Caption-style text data

----------------

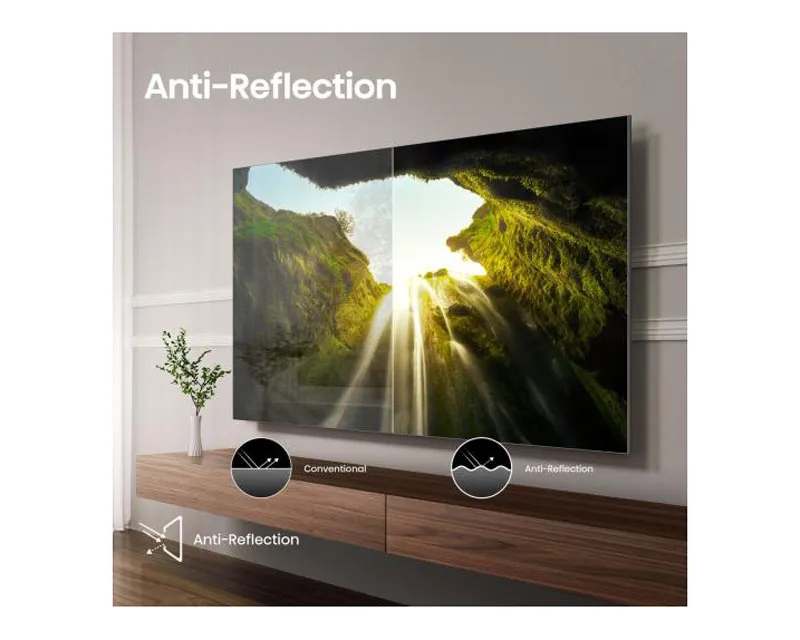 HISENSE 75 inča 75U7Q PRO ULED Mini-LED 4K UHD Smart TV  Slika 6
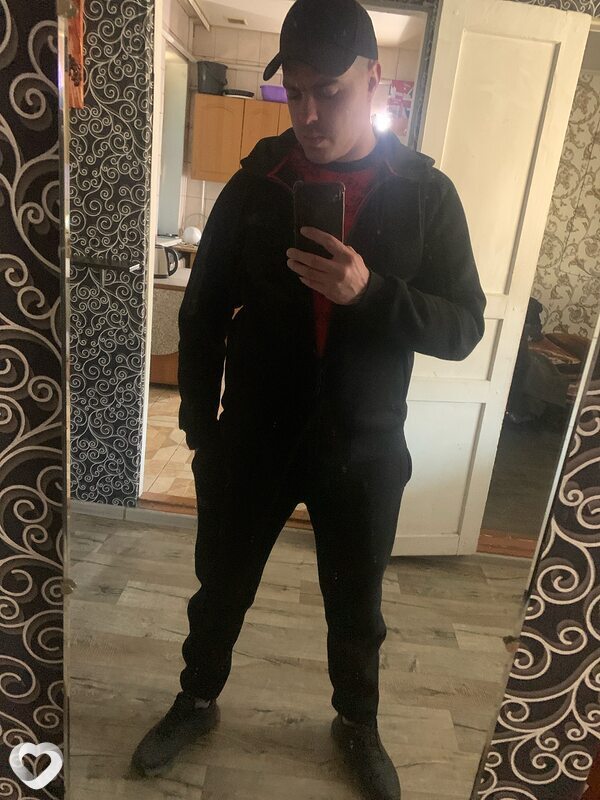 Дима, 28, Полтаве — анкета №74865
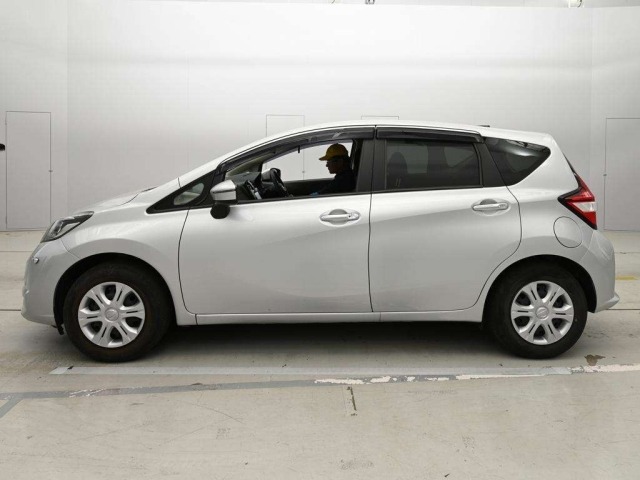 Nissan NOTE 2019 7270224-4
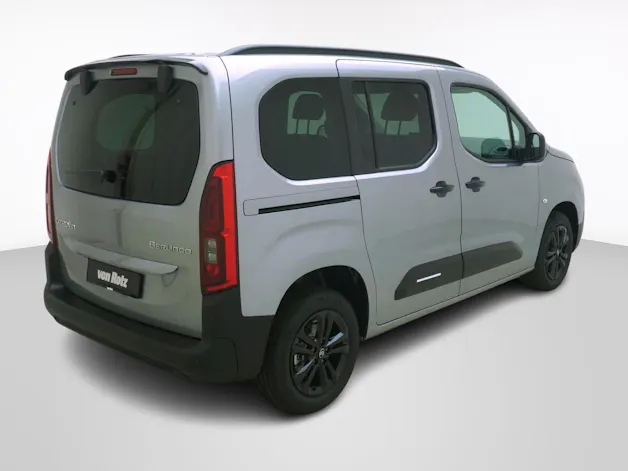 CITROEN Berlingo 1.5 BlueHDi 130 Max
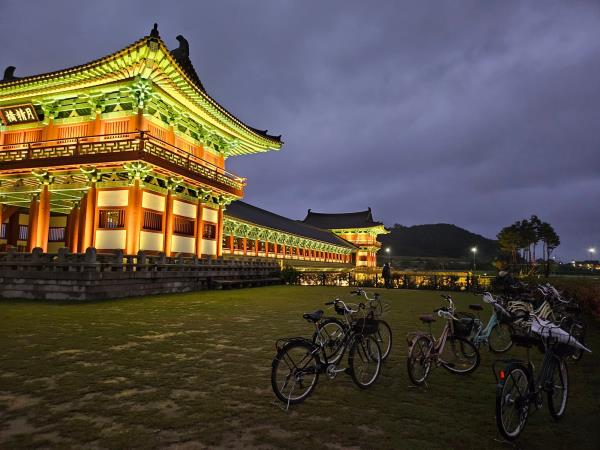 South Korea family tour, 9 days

----------------

* [Task to carry out] From the first line to the last, retype the data above exactly, but not its images.

* [Solution for this task]
 HISENSE 75 inča 75U7Q PRO ULED Mini-LED 4K UHD Smart TV  Slika 6
 Дима, 28, Полтаве — анкета №74865
 Nissan NOTE 2019 7270224-4
 CITROEN Berlingo 1.5 BlueHDi 130 Max
 South Korea family tour, 9 days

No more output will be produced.